Allow signal suppression

Hey everyone, I've been developing code which (alas) needs to operate in a runtime environment which is quite *enthusiastic* about sending SIGTERMs and the like, and where there are critical short sections of code that, if interrupted, are very hard to resume without some user-visible anomaly happening. This means getting to know the signal handling logic far too well. In particular, it means that preventing signals in a "dangerous window" is very difficult in the current language: while you can change the signal handlers to "suppressing" handlers and then restore them from the main thread, if you have potentially critical regions running in any non-main thread, there's no good way for them to tell the main thread to change the handlers... except by sending the main thread a signal. That requires the "suppressing" handler to have nontrivial logic in it, *but* Python signal handlers are reentrant: signals are not suppressed *during a signal handler*, and so hilarity ensues. Digging through all of this, though, there seems to be one interesting thing that could be done in CPython in particular, and so I have a possibly-crazy proposal for a runtime-specific extension. *Proposal: Add (as an optional part of the spec, runtimes may choose to implement if they wish) sys.suppress_signals(bool).* Calling this function with a value of True would defer all signal handling until it was called again with a value of False. The reason this is potentially insane is that suppressing signals does all sorts of things: e.g., it prevents keyboard interrupts, blocks ENOPIPE errors if you try to write to a pipe with a terminated peer, stops child processes from reporting their exit to the parent, screws with profiling timers, and so on. This would be an a proper footgun if misused, the sort of thing you should only activate if you actually understand POSIX signals in depth. The implementation in CPython would be surprisingly simple: simply store the boolean value in an atomic int, and add a second check at the start of _PyErr_CheckSignalsTstate <https://github.com/python/cpython/blob/master/Modules/signalmodule.c#L1693>, prior to clearing is_tripped. How insane does this idea sound to people?

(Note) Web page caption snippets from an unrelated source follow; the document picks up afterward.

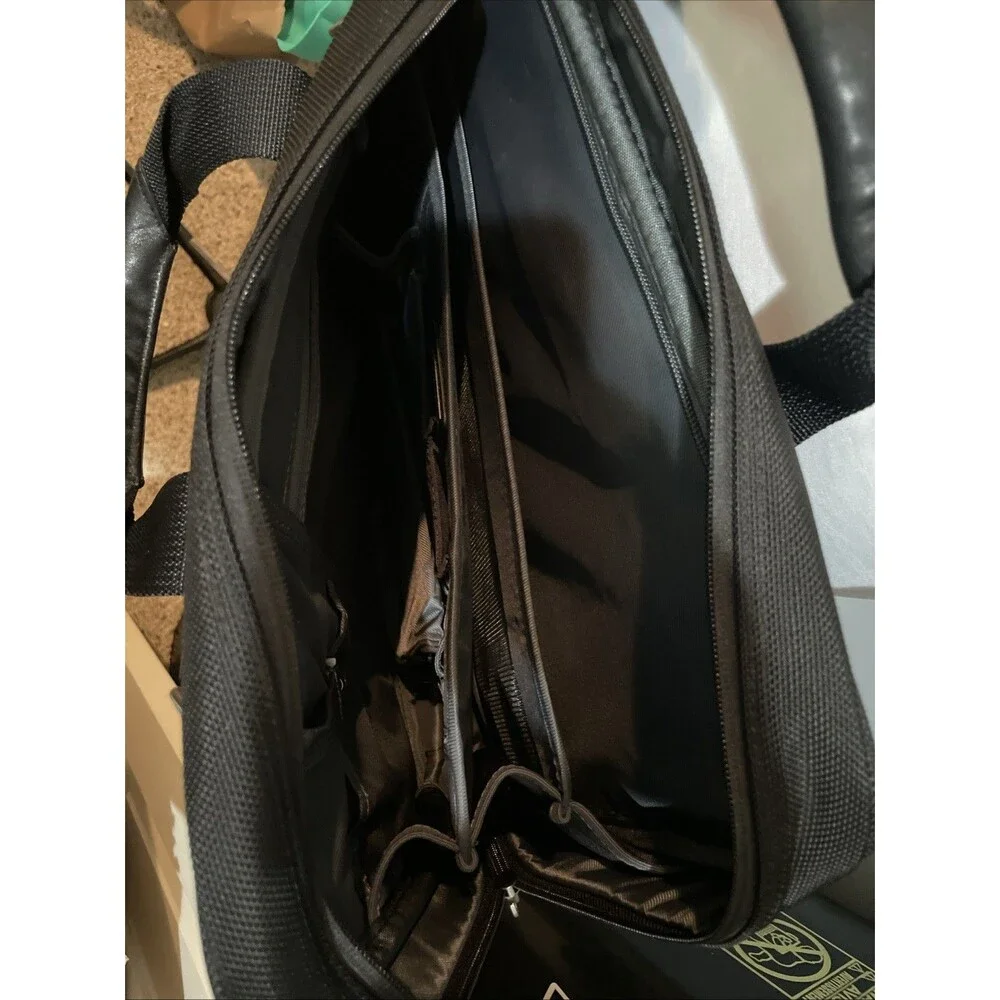 Briggs & Riley laptop / Travel Bag, Serial Number #05-BB101-0571931-2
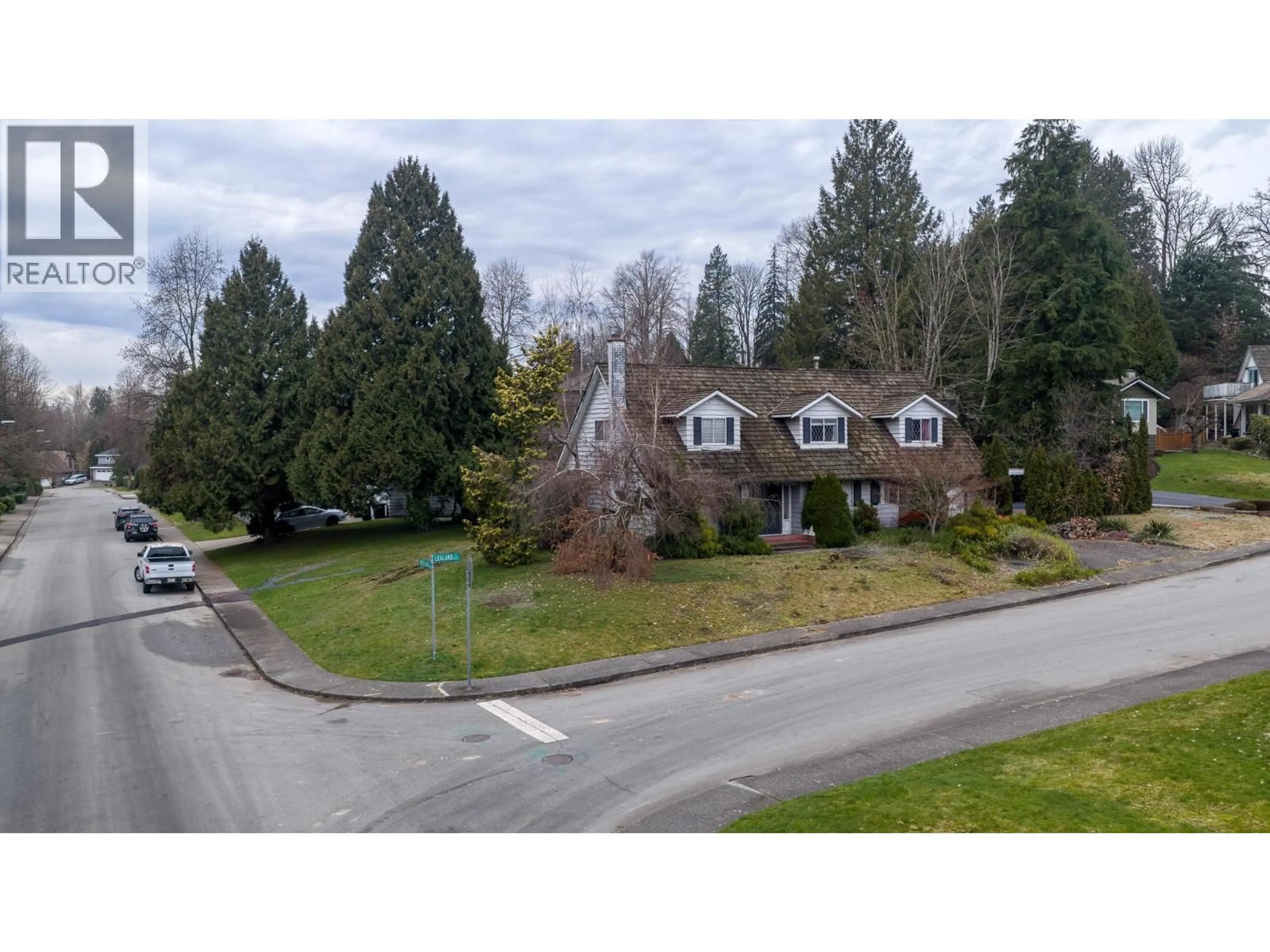 A pic from outside/outdoor area/front of a property/back of a property/a pic from drone, street for 3381 LEALAND COURT, Burnaby British Columbia V5A3B6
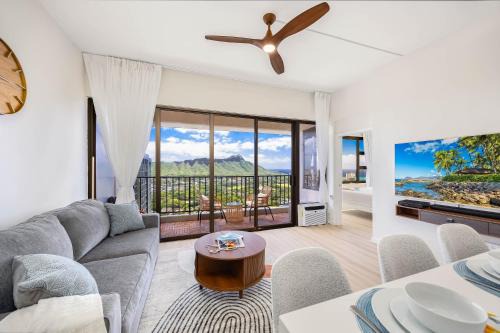 Waikiki Apartamento | Remodeled Penthouse with Ocean & Diamond Head Views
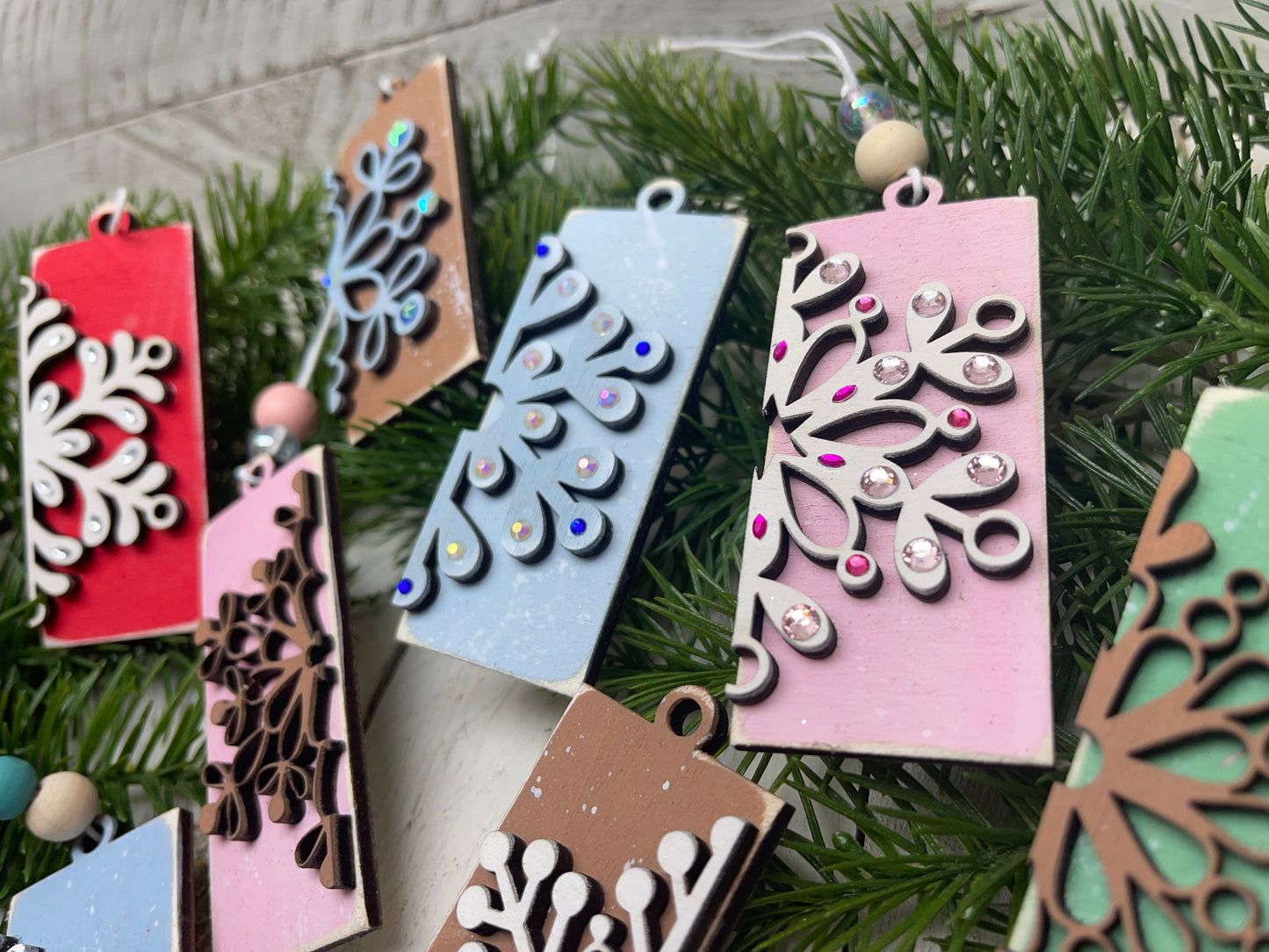 Set Tag snowflake Out of the Wood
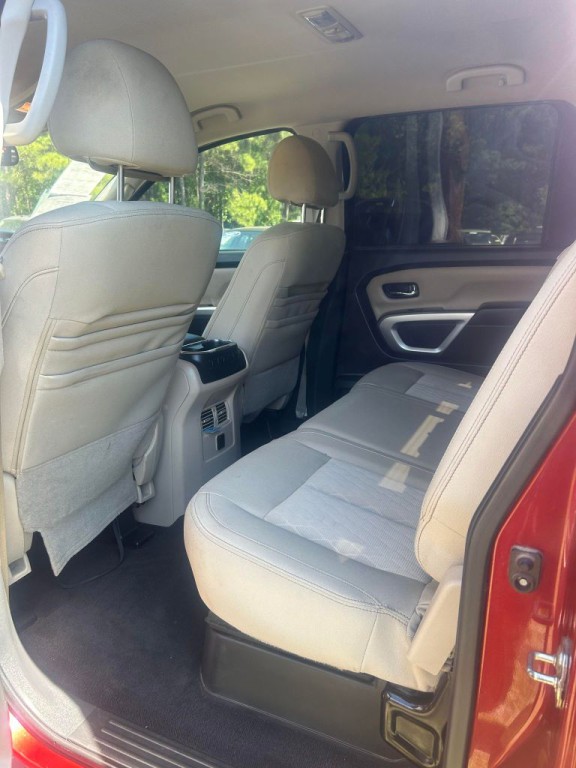 2017 Nissan Titan Image 6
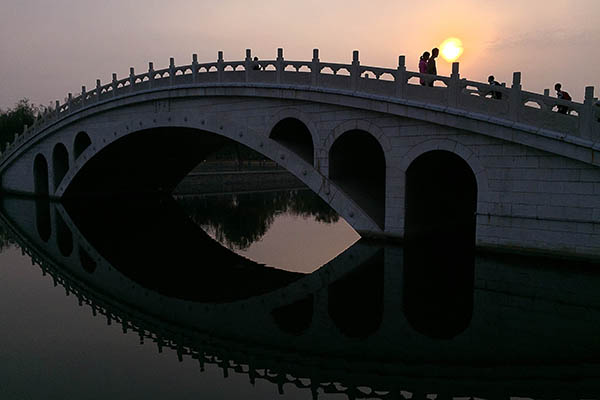 Tianjin develops canal tourism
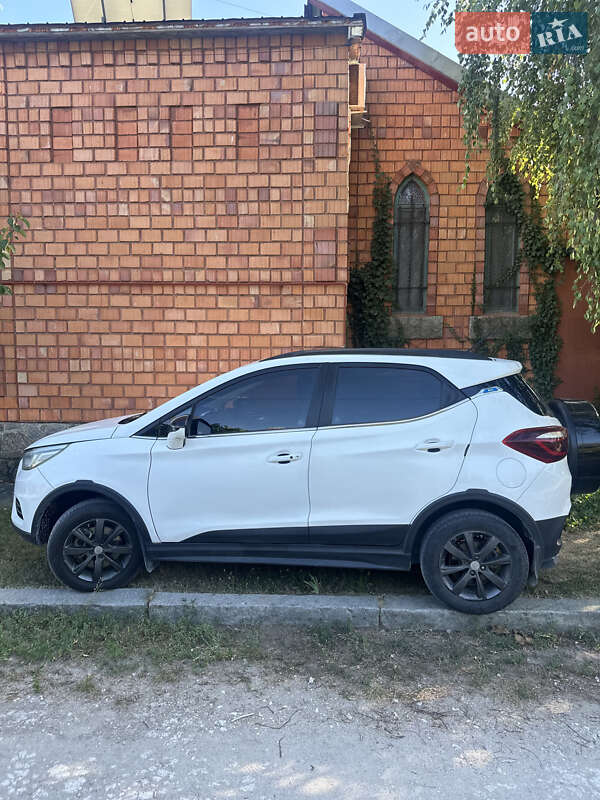 Внедорожник / Кроссовер BYD Yuan 2019 в Запорожье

Yonatan -- Yonatan Zunger Distinguished Engineer and Chief Ethics Officer He / Him zunger@humu.com 100 View St, Suite 101 Mountain View, CA 94041 Humu.com <https://www.humu.com> · LinkedIn <https://www.linkedin.com/company/humuhq> · Twitter <https://twitter.com/humuinc>

Absolutely, but I figured the natural thing to expose from the C API was a very minimal function, and then put a context manager in the Python layer. The actual context manager implementation I would use would be a bit smarter than a bare set/reset -- it would use an unbounded semaphore and only unsuppress when the count dropped to zero. That way, multiple threads can simultaneously have critical regions, and suppression would happen whenever anyone was suppressing. On Thu, Jun 25, 2020 at 1:54 PM MRAB <python@mrabarnett.plus.com> wrote:
-- Yonatan Zunger Distinguished Engineer and Chief Ethics Officer He / Him zunger@humu.com 100 View St, Suite 101 Mountain View, CA 94041 Humu.com <https://www.humu.com> · LinkedIn <https://www.linkedin.com/company/humuhq> · Twitter <https://twitter.com/humuinc>

On Thu, Jun 25, 2020 at 5:09 PM Yonatan Zunger via Python-ideas < python-ideas@python.org> wrote:
I find, for reasons you have already mentioned, having a "suppress all signals" something _really_ strange in userland code. But maybe I just have never seen a case in which it makes sense. Are you sure that the problem isn't "a runtime environment which is quite enthusiastic about sending SIGTERMs"?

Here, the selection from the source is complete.